This article explains another technique in Web Scraping, which has been an important function of search engine crawling - extraction of all links for any given URL. This is quite a simple procedure, especially when done using Regular Expressions. The HTML content from any given url is downloaded as a string, and all occurences of hyperlinks are extracted from it.
Link Extraction is the major function of any search engine crawler. From a given URL, the contents are first extracted, and indexed. Then the contents are parsed further to get the list of hyperlinks, images, etc. Whatever be the programming language or web technology, the anchor or hyperlink (<a href="...">...</a>) element is used for hyperlinks. This can be searched using Regular Expressions from the HTML contents.

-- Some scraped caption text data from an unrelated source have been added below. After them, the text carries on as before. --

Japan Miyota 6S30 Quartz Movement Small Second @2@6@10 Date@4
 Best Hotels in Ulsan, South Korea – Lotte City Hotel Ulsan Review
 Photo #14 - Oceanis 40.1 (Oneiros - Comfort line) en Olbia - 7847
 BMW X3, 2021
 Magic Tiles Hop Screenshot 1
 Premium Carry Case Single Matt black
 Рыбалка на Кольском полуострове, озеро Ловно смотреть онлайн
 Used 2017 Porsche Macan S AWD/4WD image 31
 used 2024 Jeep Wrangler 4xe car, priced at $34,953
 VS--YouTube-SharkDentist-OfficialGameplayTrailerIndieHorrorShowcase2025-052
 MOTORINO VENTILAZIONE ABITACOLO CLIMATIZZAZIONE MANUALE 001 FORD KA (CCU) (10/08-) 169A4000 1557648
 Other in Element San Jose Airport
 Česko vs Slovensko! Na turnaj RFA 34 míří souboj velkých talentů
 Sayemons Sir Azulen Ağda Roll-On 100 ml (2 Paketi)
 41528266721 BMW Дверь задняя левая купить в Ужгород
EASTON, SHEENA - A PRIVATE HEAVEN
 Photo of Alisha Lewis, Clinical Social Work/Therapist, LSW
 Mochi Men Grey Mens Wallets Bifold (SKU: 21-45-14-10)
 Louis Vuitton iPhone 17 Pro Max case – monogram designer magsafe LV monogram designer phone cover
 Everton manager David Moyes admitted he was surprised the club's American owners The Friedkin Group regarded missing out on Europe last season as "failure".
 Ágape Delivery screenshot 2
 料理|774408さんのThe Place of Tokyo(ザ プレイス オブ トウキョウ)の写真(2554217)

The hyperlink elements are used for different purposes on the page - call javascript functions, link to anchors (<a name="..." />) on page, and for normal usage of hyperlinking to internal and external pages. Among this, only hyperlinking elements must be filtered out. The second part of this task is build complete URLs from partial or relative URLs like /about.aspx or ../../help.htm relative to the requested base address.
The code snippet in Visual Basic.NET given below has two functions - Once to extract the hyperlinks from a given URL, and a second supporting function to build proper URLs. The URL extraction method ignores all javascript links, email links and anchor links.
Public Function ExtractLinks(ByVal url As String) As DataTable
Dim dt As New DataTable
dt.Columns.Add("LinkText")
dt.Columns.Add("LinkUrl")
Dim wc As New WebClient
Dim html As String = wc.DownloadString(url)
Dim links As MatchCollection = Regex.Matches(html, "<a.*?href=""(.*?)"".*?>(.*?)</a>")
For Each match As Match In links
Dim dr As DataRow = dt.NewRow
Dim matchUrl As String = match.Groups(1).Value
'Ignore all anchor links
If matchUrl.StartsWith("#") Then
Continue For
End If
'Ignore all javascript calls
If matchUrl.ToLower.StartsWith("javascript:") Then
Continue For
End If
'Ignore all email links
If matchUrl.ToLower.StartsWith("mailto:") Then
Continue For
End If
'For internal links, build the url mapped to the base address
If Not matchUrl.StartsWith("http://") And Not matchUrl.StartsWith("https://") Then
matchUrl = MapUrl(url, matchUrl)
End If
'Add the link data to datatable
dr("LinkUrl") = matchUrl
dr("LinkText") = match.Groups(2).Value
dt.Rows.Add(dr)
Next
Return dt
End Function
Public Function MapUrl(ByVal baseAddress As String, ByVal relativePath As String) As String
Dim u As New System.Uri(baseAddress)
If relativePath = "./" Then
relativePath = "/"
End If
If relativePath.StartsWith("/") Then
Return u.Scheme + Uri.SchemeDelimiter + u.Authority + relativePath
Else
Dim pathAndQuery As String = u.AbsolutePath
' If the baseAddress contains a file name, like ..../Something.aspx
' Trim off the file name
pathAndQuery = pathAndQuery.Split("?")(0).TrimEnd("/")
If pathAndQuery.Split("/")(pathAndQuery.Split("/").Count - 1).Contains(".") Then
pathAndQuery = pathAndQuery.Substring(0, pathAndQuery.LastIndexOf("/"))
End If
baseAddress = u.Scheme + Uri.SchemeDelimiter + u.Authority + pathAndQuery
'If the relativePath contains ../ then
' adjust the baseAddress accordingly
While relativePath.StartsWith("../")
relativePath = relativePath.Substring(3)
If baseAddress.LastIndexOf("/") > baseAddress.IndexOf("//" + 2) Then
baseAddress = baseAddress.Substring(0, baseAddress.LastIndexOf("/")).TrimEnd("/")
End If
End While
Return baseAddress + "/" + relativePath
End If
End Function
The above code snippet is only a simple example of link extraction from web pages. This can be expanded to extract email addresses, FTP address, and other special addresses like Skype usernames, etc.